Writing has always been a safe place for me. A place to turn to when I need solace, peace, or an outlet for creative energy that I couldn’t quite place elsewhere. I thought I knew and understood its capabilities. In fact, I have written multiple times about what I thought its purpose was. Despite the fact that of course it is quite subjective, and every person uses it for their own needs or wants, I still tried to categorize it because I thought it was necessary.
Then I read words written by Gloria Anzaldua, a writer who I can’t even quite put into words, and something about my life simply shifted. She was assigned to me as reading for one of my university English classes when I was a fourth-year student. Since that day, my perspective of writing has been incredibly different. In fact, my perspective on a lot of things has been altered.
When you open her work, titled Borderlands: La Frontera, it’s overwhelming, to say the least. It’s written in both English and Spanish, it’s a mixture of poetry, prose, political narrative and a multiplicity of genres. So far I’m sure I’m convincing you that you should read some confusing academic work, right? Wrong. Delve in deeper, give it a chance, and I promise you won’t ever regret it. Even in the moments where you don’t entirely understand, you still somehow connect.
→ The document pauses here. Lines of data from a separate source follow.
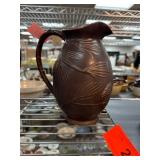 Brown Ceramic Pitcher With Pinecone Design Brown Ceramic Pitcher With Pinecone Design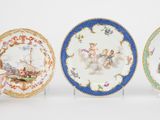 trois assiettes et une tasse sont posées sur un support, sur une surface blanche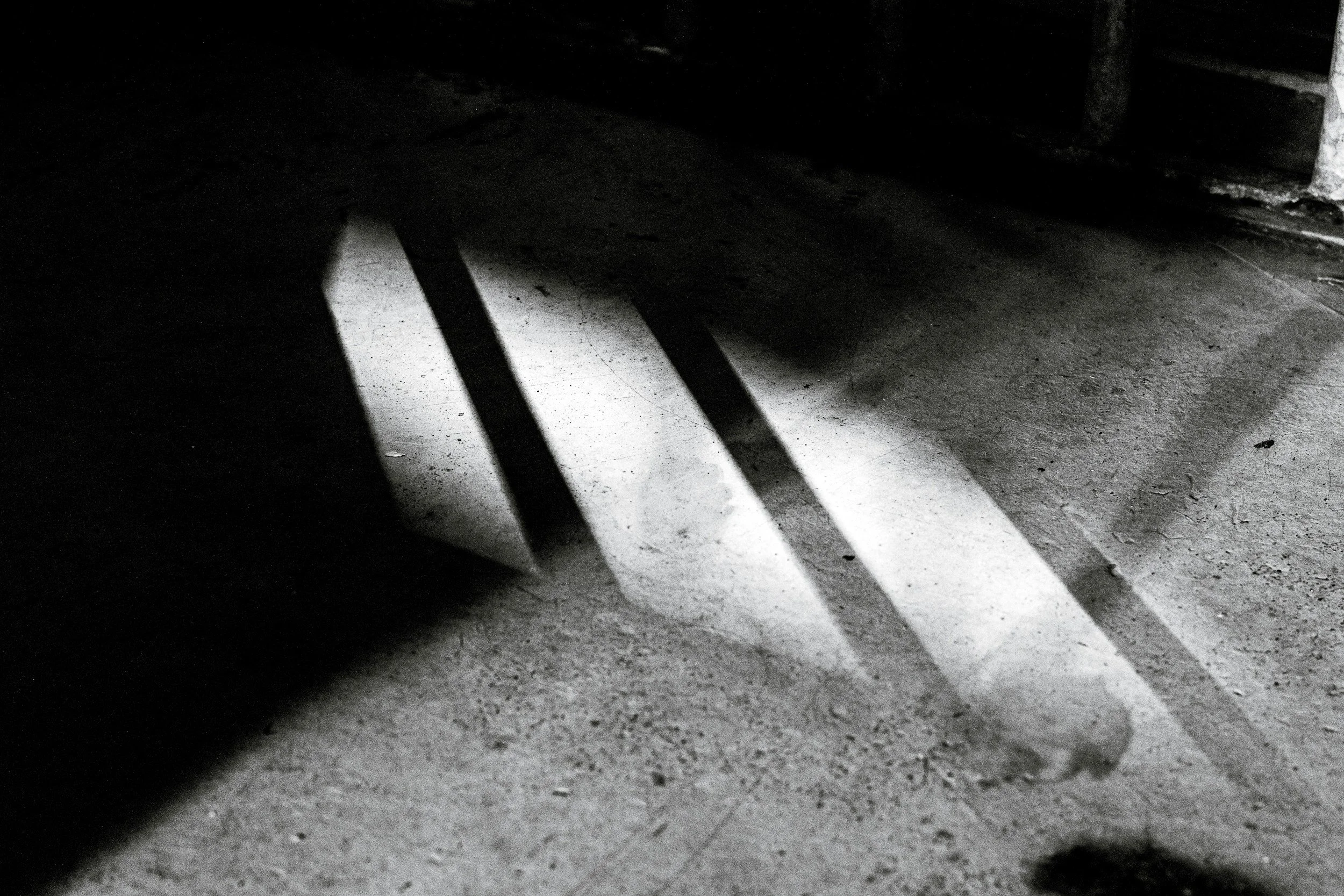 Black and white photo of a table with a drop of water on the surface and white paper underneath, with shadows cast on the floor.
If my argument doesn’t seem strong enough, here is a quote that will change your mind:
“Writing produces anxiety. Looking inside myself and my experience, looking at my conflicts, engenders anxiety in me. Being a writer feels very much like being a Chicana, or being queer — a lot of squirming, coming up against all sorts of walls. Or its opposite: nothing defined or definite, a boundless, floating state of limbo where I kick my heels, brood, percolate, hibernate and wait for something to happen” – Gloria Anzaldua
Gloria Anzaldua is an everflowing stream of knowledge and creativity. She has experienced oppression in a manner most of us will never fathom, and yet her work is still accessible in so many ways. She makes me ask a thousand questions about the world and about myself, and that kind of introspect has without a doubt made me a healthier person. In the world we live in right now, there are very few things more pressing than developing empathy and compassion for others, and Anzaldua strives for this.
Some authors write narratives that draw you in and tug at your heartstrings until you can’t separate yourself from the work until you’ve hit the very end. They are of course very talented. However, they are no match for an author who can make you feel uncomfortable and interested simultaneously. Her goal is to teach you about the binaries of life, to break down boundaries we all experience in different forms until there’s nothing left but a dried up river that once separated you from those around you.
Relish in the discomfort, in the confusion, and in knowing that you will leave that text a better person than how you entered it. You might not see what I see or feel what I feel, but I promise you will have a reaction of your own that is entirely worth experiencing. Her name is Gloria Anzaldua, and she changed my life. Will you let her change yours?